## Records supplied
_ _ _ _ _ _ _

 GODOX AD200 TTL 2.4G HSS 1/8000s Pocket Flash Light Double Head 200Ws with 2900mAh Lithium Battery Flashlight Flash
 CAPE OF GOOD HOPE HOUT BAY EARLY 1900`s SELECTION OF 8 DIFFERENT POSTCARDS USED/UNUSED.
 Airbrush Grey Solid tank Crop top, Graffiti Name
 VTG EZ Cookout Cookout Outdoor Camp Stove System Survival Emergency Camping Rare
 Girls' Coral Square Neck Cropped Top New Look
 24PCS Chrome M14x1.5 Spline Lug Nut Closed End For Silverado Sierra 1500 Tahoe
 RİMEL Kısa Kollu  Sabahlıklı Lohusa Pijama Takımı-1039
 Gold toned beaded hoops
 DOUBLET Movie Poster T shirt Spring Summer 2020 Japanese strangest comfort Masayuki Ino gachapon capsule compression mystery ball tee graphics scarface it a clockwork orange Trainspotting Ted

_ _ _ _ _ _ _

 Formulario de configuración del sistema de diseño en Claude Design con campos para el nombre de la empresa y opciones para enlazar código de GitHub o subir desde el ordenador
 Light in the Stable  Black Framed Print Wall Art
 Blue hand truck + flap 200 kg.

_ _ _ _ _ _ _

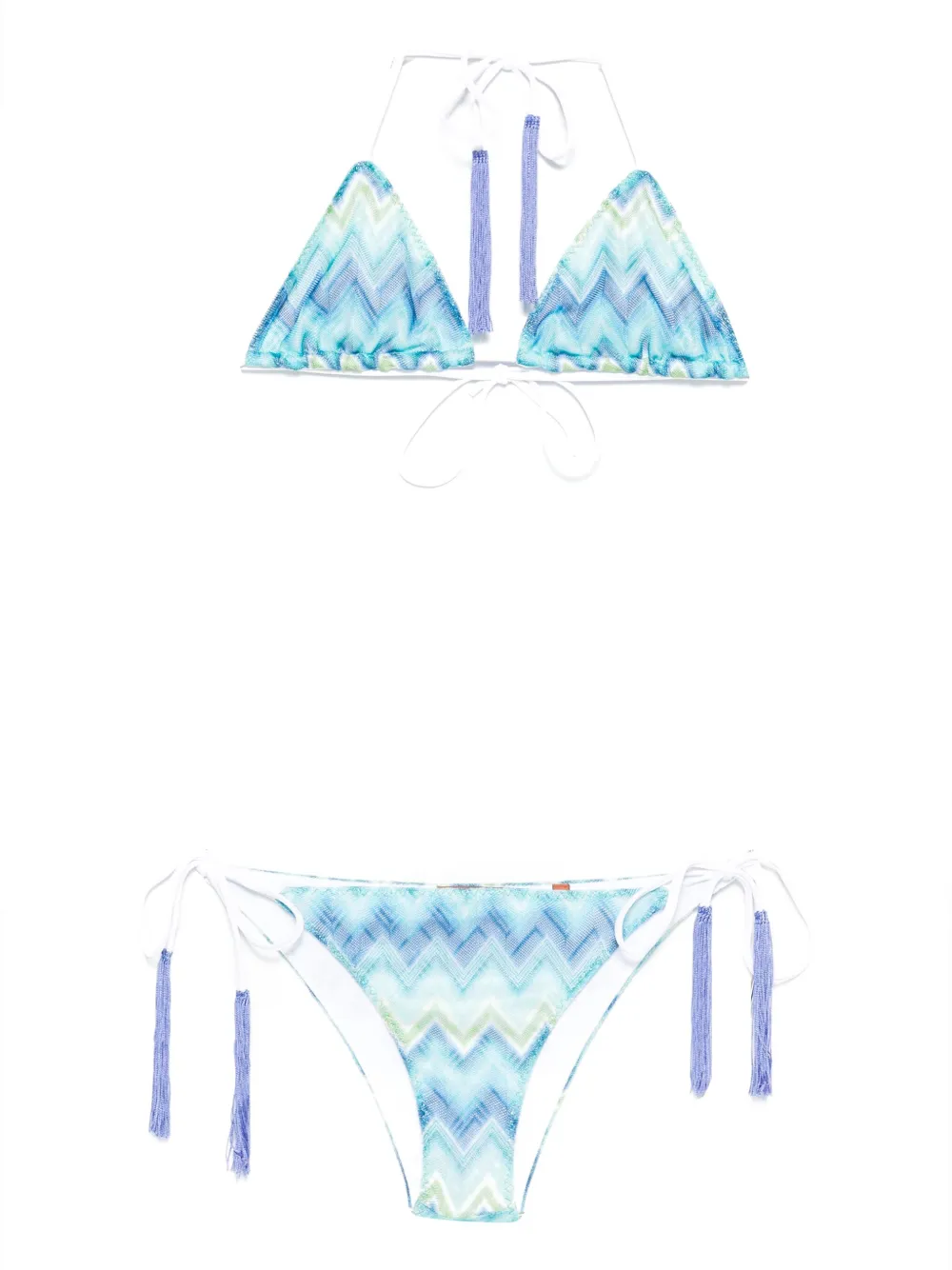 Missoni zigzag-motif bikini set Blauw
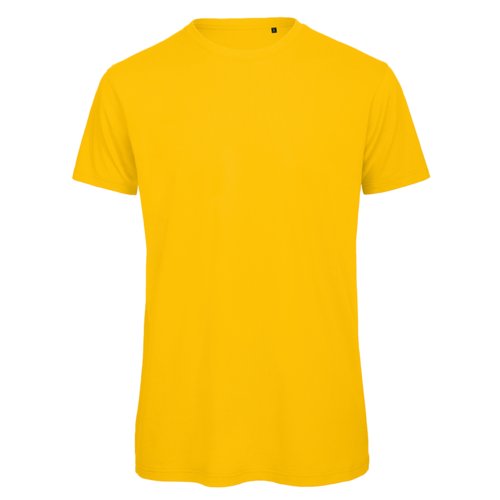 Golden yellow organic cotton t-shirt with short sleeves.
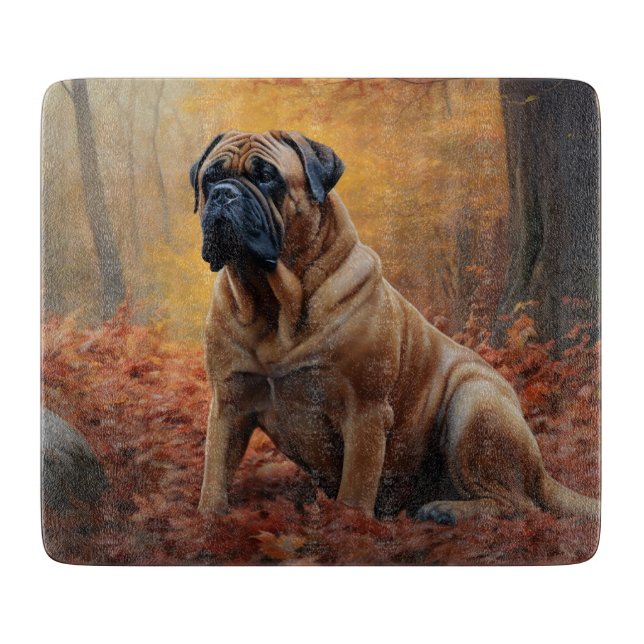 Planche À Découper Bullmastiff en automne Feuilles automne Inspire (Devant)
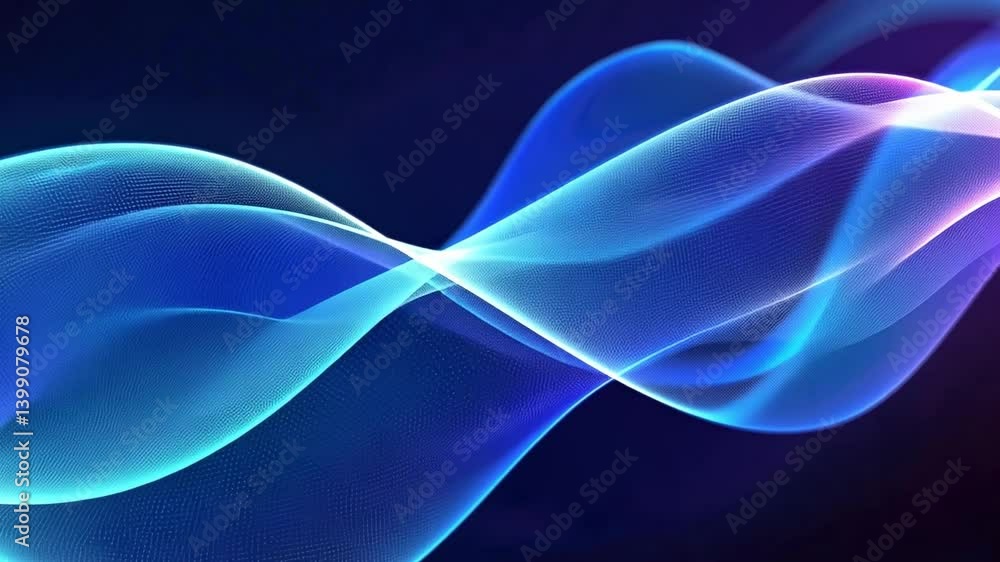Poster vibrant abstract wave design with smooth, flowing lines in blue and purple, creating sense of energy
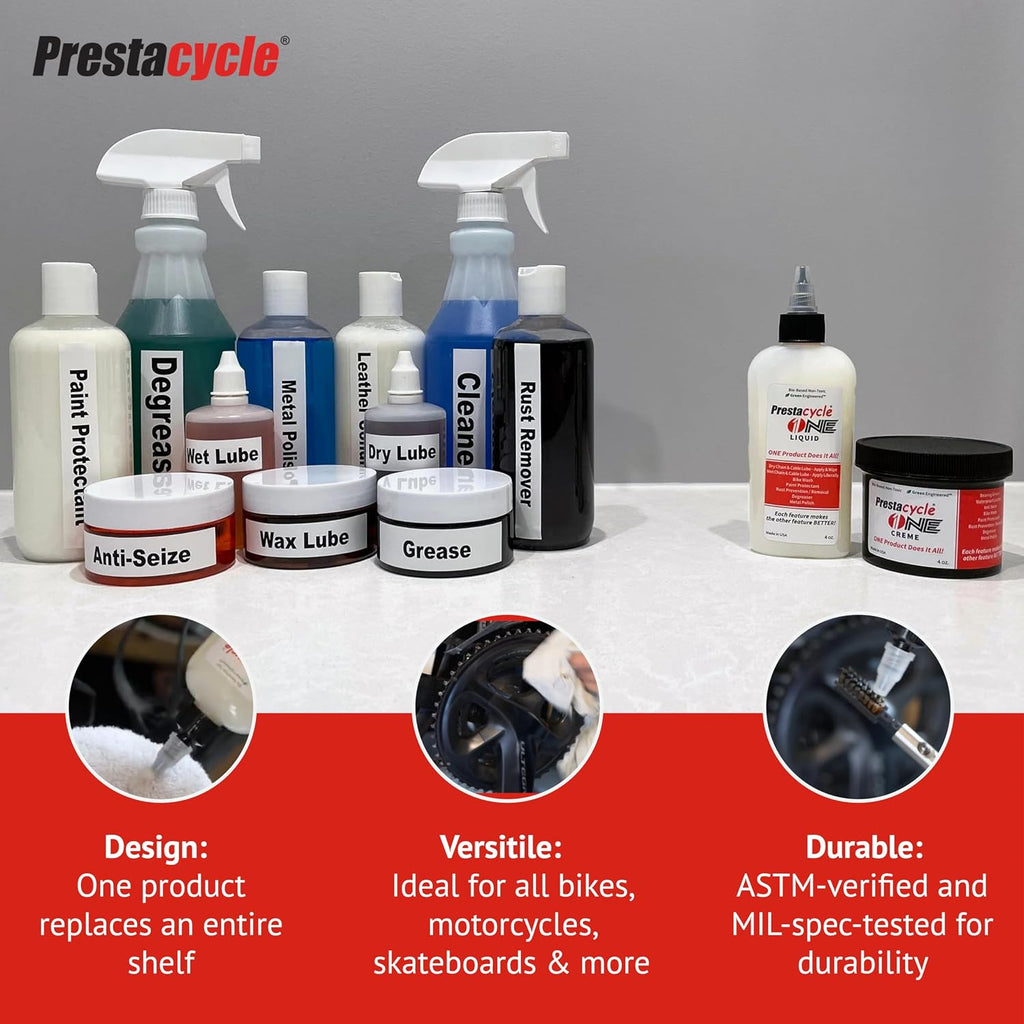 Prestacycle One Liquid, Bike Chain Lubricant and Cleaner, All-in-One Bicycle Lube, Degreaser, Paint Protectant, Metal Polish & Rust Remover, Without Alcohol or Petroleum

_ _ _ _ _ _ _

## To do
Copy all lines of the listing above that contain the string "Light".

## Answer to this problem
 GODOX AD200 TTL 2.4G HSS 1/8000s Pocket Flash Light Double Head 200Ws with 2900mAh Lithium Battery Flashlight Flash
 Light in the Stable  Black Framed Print Wall Art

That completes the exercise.